Note from Aimee: The author of the following post had me weeping by the end of this poignant, perfectly timed piece. Another #PitchWars alum, the story is one that obviously strikes close to home for me personally but in today’s climate speaks loudly for us all and is a perspective I have yet to host here: a return to the trenches. That said, I do want to note (with the author’s permission) that the agency and agent discussed are not those being discussed at present.
Content/Trigger Warnings: Signing with an agent, agent ghosting, long-term querying (no stats specifically discussed)
The beginning was thrilling enough that I thought I might be a darling.

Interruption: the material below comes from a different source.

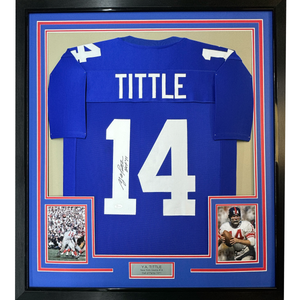 Framed Autographed/Signed YA Y.A. Tittle HOF 71 35x39 New York Blue Football Jersey JSA COA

I got into Pitch Wars with the book that was supposed to be my second attempt at querying. Thanks to a whirlwind showcase, I had an offer of rep before I’d sent a single cold query. The agent was a perfect fit—personable and enthusiastic, with a history of sales at a reputable agency. I had no doubts when I signed. Crank up the Hilary Duff, baby, because this is what dreams are made of.

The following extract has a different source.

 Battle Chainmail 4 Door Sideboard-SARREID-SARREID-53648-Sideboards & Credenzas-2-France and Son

We worked through revisions, made the book shine, and had one close call with an editor. But ultimately, sub went how it goes for most authors: a slow death for a desperately loved story.

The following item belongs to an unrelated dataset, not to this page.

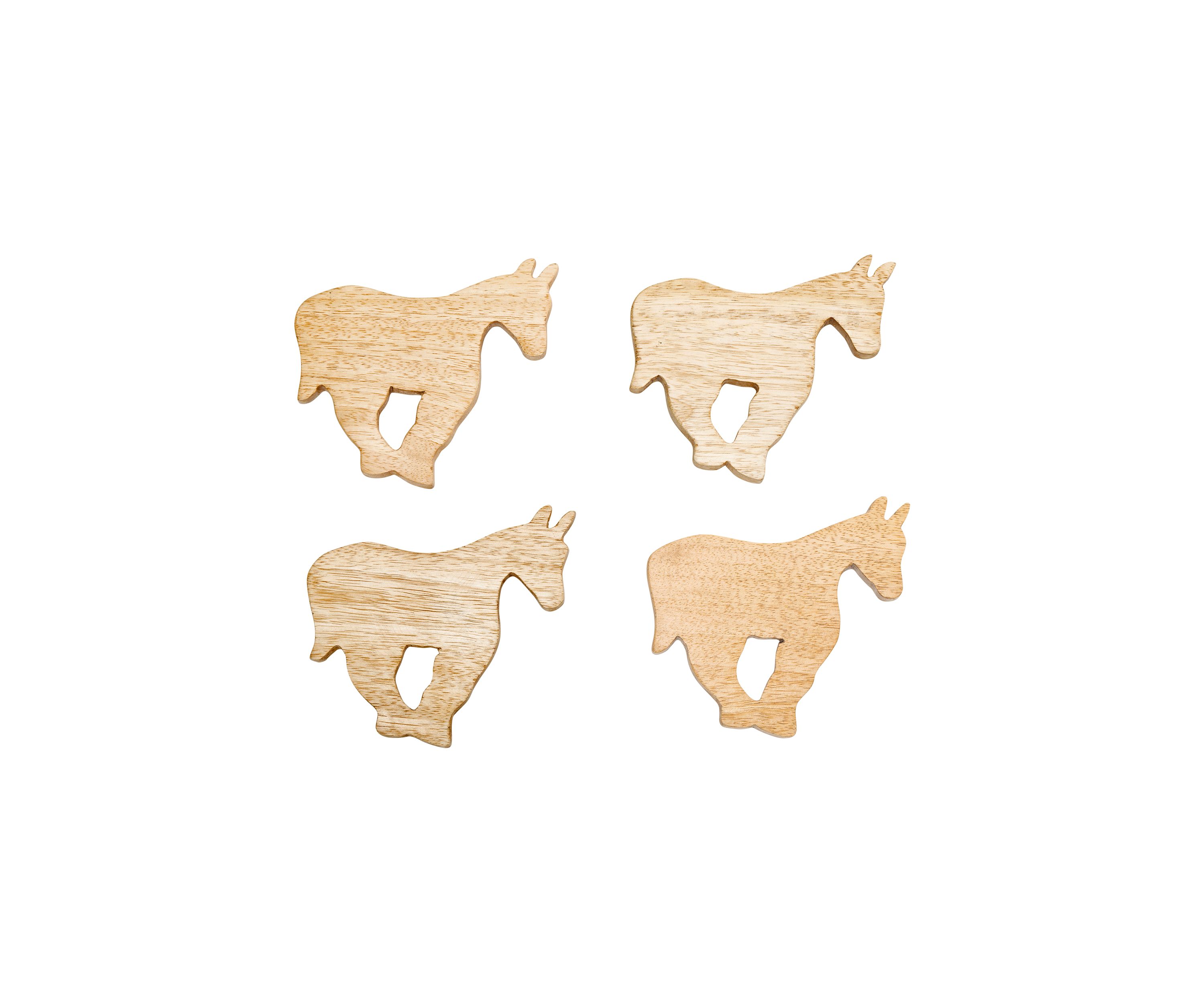 Horse Shaped Wooden Coasters - Set of 4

Fortunately, my agent and I had picked my next project early, and I’d already sent them the revised draft. I received no response for a couple months. Worry pricked the back of my mind. Were they as enthusiastic about the idea as they’d been before? We had an encouraging check-in, followed by a few more months of silence.
I realized I was decidedly Not The Darling when I received a form letter from the agency, letting me know I’d been dropped. I had moved earlier that year, and because they didn’t confirm my address, the letter took over a month to reach me. My agent hadn’t even signed it.
I don’t know what publishing has in store for me, but I do know, without a doubt, nothing will be more shocking or humiliating than emailing to ask if it had been a clerical error, or if that was really how the only professional in my corner had chosen to part ways.
It wasn’t an error. The agent had decided not to represent my genre anymore, and I never would have gotten an explanation if I hadn’t requested one.
Several agent-siblings and I were dumped back into the querying trenches with nothing to show for our years of professional partnership. Just one little line at the end of the query. I was represented, but we parted ways amicably. Because you had to say it was amicable, or people might think you were the problem.
Months turned to years as I tried to recover emotionally and creatively from what happened. I queried another book. And another. And another.
I used to think even if publishing wasn’t a meritocracy, there was an element of forward motion. That one day, if I took my writing seriously, I could look back at the starting line, and it would be just a pinpoint in the distance. I don’t believe that anymore.
Sometimes I wonder why I keep trying to get published, and I haven’t been able to come up with a good answer, really. Most of the time, I have no idea if I’ll ever get a book deal. The vast majority of people don’t.
But I think somewhere deep, deep down I’m cupping my hands around a flickering candle of hope that after all this, I could still be the exception. I could be the one who gets the deal, and everything else she’s ever dreamed of. A decades-in-the-making darling.